Mr. Allen’s comments to the BBC were published on the heels of Mr. Weinstein’s expulsion from the Motion Picture Academy on Saturday. The director and producer worked together on several films in the 1990s, and Mr. Allen denied knowledge about any misconduct: “No one ever came to me or told me horror stories with any real seriousness,” he said. “And they wouldn’t, because you are not interested in it. You are interested in making your movie.”
“The whole Harvey Weinstein thing is very sad for everybody involved,” Mr. Allen said. “Tragic for the poor women that were involved, sad for Harvey that his life is so messed up.”
However, Mr. Allen also cautioned about rushing to judgment. “You also don’t want it to lead to a witch hunt atmosphere, a Salem atmosphere, where every guy in an office who winks at a woman is suddenly having to call a lawyer to defend himself. That’s not right either.”

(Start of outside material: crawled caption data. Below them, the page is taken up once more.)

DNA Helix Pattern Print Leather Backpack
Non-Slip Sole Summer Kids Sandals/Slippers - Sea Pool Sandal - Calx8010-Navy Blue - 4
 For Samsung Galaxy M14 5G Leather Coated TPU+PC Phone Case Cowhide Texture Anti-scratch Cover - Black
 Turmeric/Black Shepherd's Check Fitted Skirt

Mr. Weinstein’s public stature has rapidly fallen since The New York Times published an investigative report on Oct. 5 detailing decades of sexual harassment allegations against him. Last week, Ronan Farrow, Mr. Allen’s estranged son, published an article in The New Yorker recounting the stories of 13 women who say Mr. Weinstein sexually harassed or assaulted them since the 1990s.
In 1993, Mr. Allen was accused of sexually abusing his 7-year-old daughter, Dylan Farrow. The fallout from the accusations, combined with a bitter custody battle with Mia Farrow, left Mr. Allen’s reputation badly damaged. However, Mr. Weinstein offered him a lifeline through his company Miramax Films, when he agreed to produce his 1994 film “Bullets Over Broadway.” “Shunned by Hollywood means nothing to Miramax,” Mr. Weinstein told the Los Angeles Times in a 1994 interview. “We’re talking about a comic genius.”
“Bullets Over Broadway” would go on to be nominated for seven Oscars, and Mr. Allen would make several more films for Miramax, including “Mighty Aphrodite” and “Everyone Says I Love You.” The actress Mira Sorvino, who won an Oscar for “Mighty Aphrodite,” told Mr. Farrow that Mr. Weinstein sexually harassed her while they were promoting that movie at the Toronto International Film Festival in 1995.
Mr. Allen’s children, Dylan and Ronan Farrow, have continued to speak out against him. In 2014, Ms. Farrow wrote an open letter in The New York Times further detailing her allegations of her father’s abusive behavior and condemning the film industry’s apathy: “That torment was made worse by Hollywood. All but a precious few (my heroes) turned a blind eye.” (Mr. Allen wrote a Times op-ed denying the accusations.) Mr. Farrow has been vocal about his support for his sister.
Neither Mr. Farrow nor a representative for Mr. Allen immediately responded to requests for comment.